Is Unemployment Discrimination Skewing Your Hiring Process? A Closer Look at the Stigma of the Unemployed
I have always prided myself on being open-minded and trying to take into account all possible sides of a situation before coming to a conclusion. To my horror, after reading Arthur Delaney’s article “Unemployed Face Discrimination Just One Month After Losing Their Jobs,” in the Huffington Post I found I was part of the problem. It is never an easy pill to swallow when you realize you are the problem.
Delaney’s article outlines the stigma that unemployment carries, with the revelation that unemployment discrimination begins within the first month of unemployment:
In one study…47 experienced HR Professionals [were asked] to review resumes that were identical except for one detail: Half said the candidate was currently employed, and half said the person had been out of work for a month. The ‘currently employed’ candidate received better marks for competence and hirability.

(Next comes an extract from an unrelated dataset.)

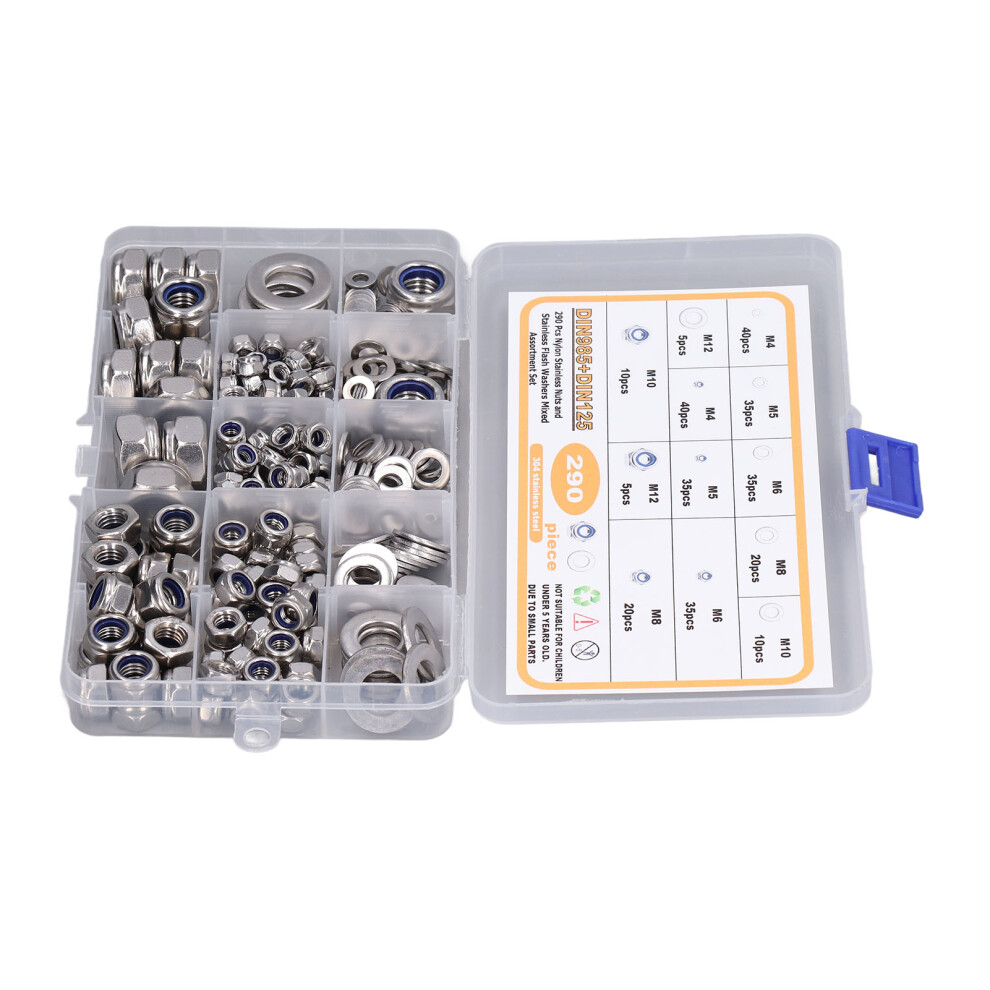 Durable 304 Stainless Steel Washers & Nylon Nuts Kit 290PCS M4-M12-image-OPC-PJK98GY-NEW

Though these two sets of resumes were identical in every other regard, the simple fact that a candidate had lost his or her job a month ago made hiring the candidate less desirable. I highly doubt that four weeks without work impairs any unemployed candidate’s skill set, yet the stigma is evident in the results. And then there was this:
In another experiment, researchers asked a group of students to review resumes from ‘employed’ and ‘unemployed’ job candidates, with the latter group divided between people who’d left their jobs voluntarily and people who had been let go. The ‘laid off’ crowd faired no better than the quitters.
In economically booming times, I can appreciate a slight hesitation in hiring someone who is laid off (let me reiterate slight), but according to the US Bureau of Labor Statistics, the Jobless Rate is up in 27 states as of mid-July. Many exceptional employees are without work, and applying to your job postings.

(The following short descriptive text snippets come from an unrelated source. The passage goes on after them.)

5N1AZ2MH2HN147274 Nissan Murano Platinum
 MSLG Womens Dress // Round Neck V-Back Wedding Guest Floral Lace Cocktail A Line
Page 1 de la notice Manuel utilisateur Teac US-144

Coming from agency recruiting, I cannot even count the number of times a hiring manager would tell me that they would only look at candidates who were employed. In this economy, by having such tunnel vision, you are really limiting yourself and your pool of talent. Sure, if someone has not worked in over a year maybe then start to ask questions, but a few months unemployed? Are you really not going to read that resume?
I am shocked at my own occasional dismissiveness of unemployed candidates, as I myself was unemployed for a month-and-a-half this past winter. Reading the results of the experiments that Delaney reports, I found myself enraged that hiring managers and HR professionals were discriminating against the recently unemployed. That is until I had the “a-ha” moment that I was, too.

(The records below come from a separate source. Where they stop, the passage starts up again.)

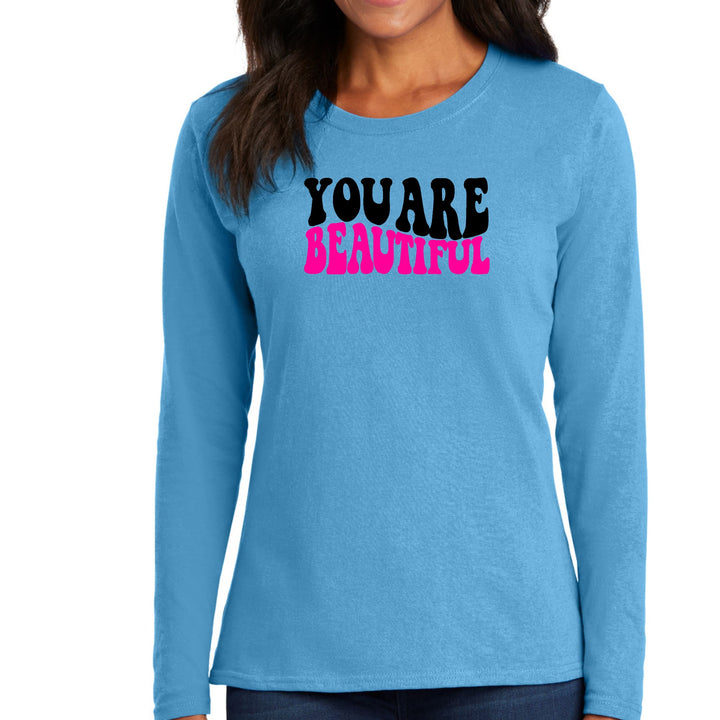 Womens Long Sleeve Graphic T-shirt you are Beautiful Print - Womens | T-Shirts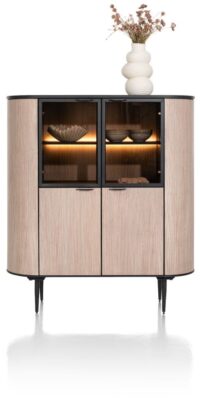 Aramon, armoire 125 cm. - 2-portes + 2-portes en verre (+ LED)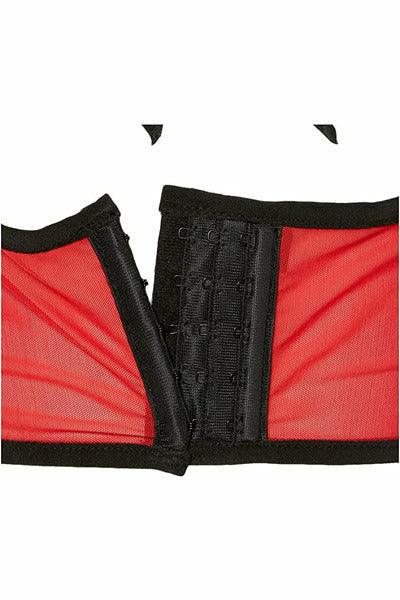 Lavish Red Mesh Underwire Cincher w/Built In Halter Top - Flyclothing LLC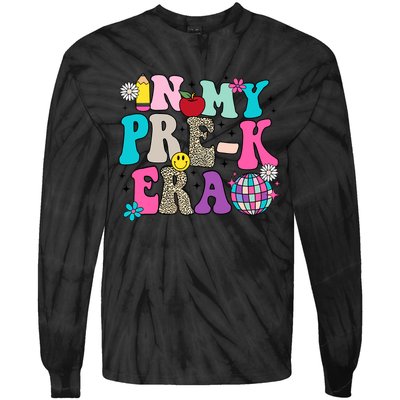 In My Prek Era Back To School Retro Groovy Preschool Tie-Dye Long Sleeve Shirt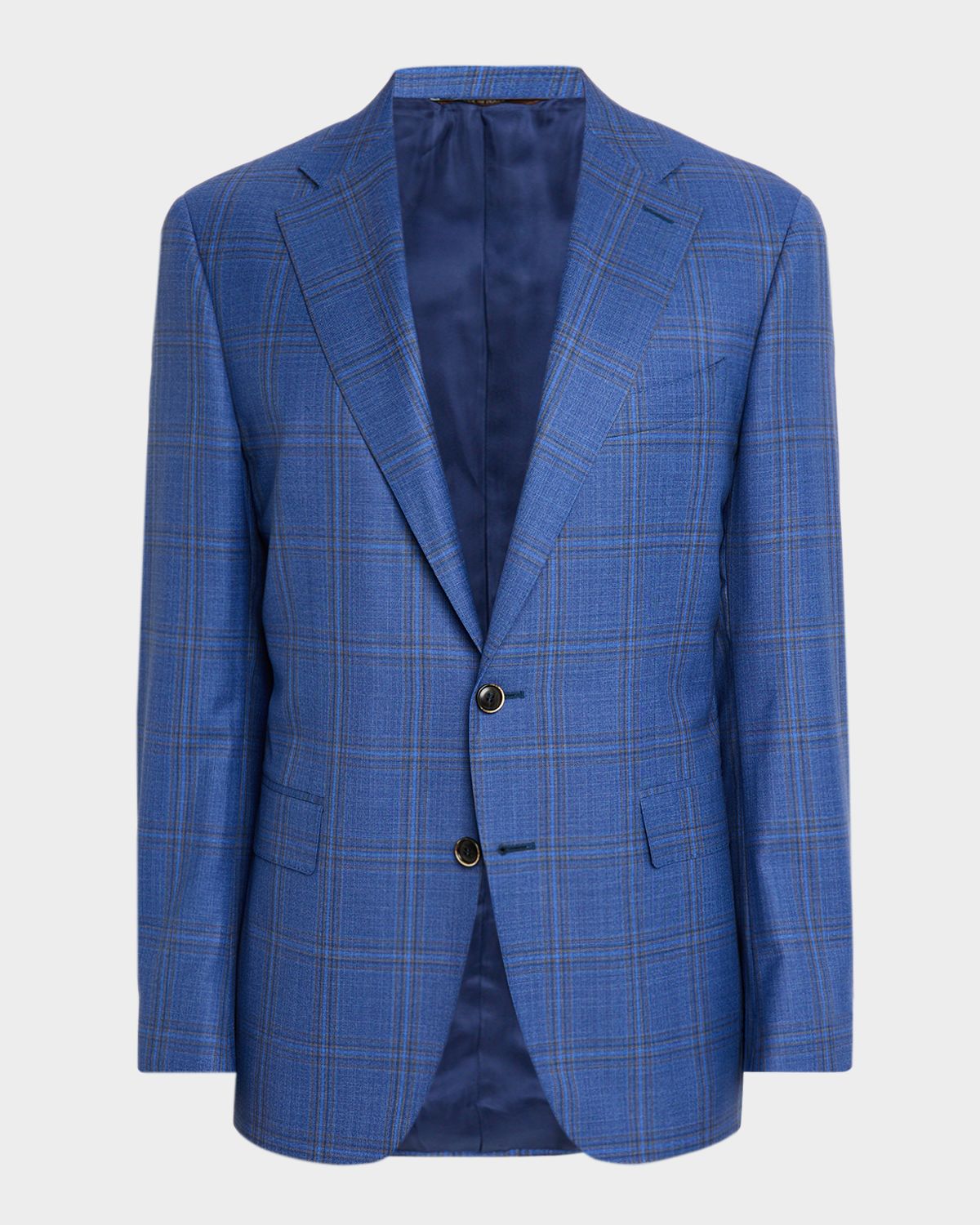 Canali Men 's Plaid Wool Single-Breasted Sport Coat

Having gained some perspective on this rampant problem, I feel confident saying that the recently unemployed should be examined under the same lens as the employed (with exceptions for the individuals who were fired for say, embezzlement or something of the sort). This is especially true in start-up and expansion-stage companies. The emphasis for employers at such young companies should be on getting qualified, competent individuals who will fit the culture of the company. Taking off my unemployment blinders is something I am going to work on going forward, and I urge my readers to do the same.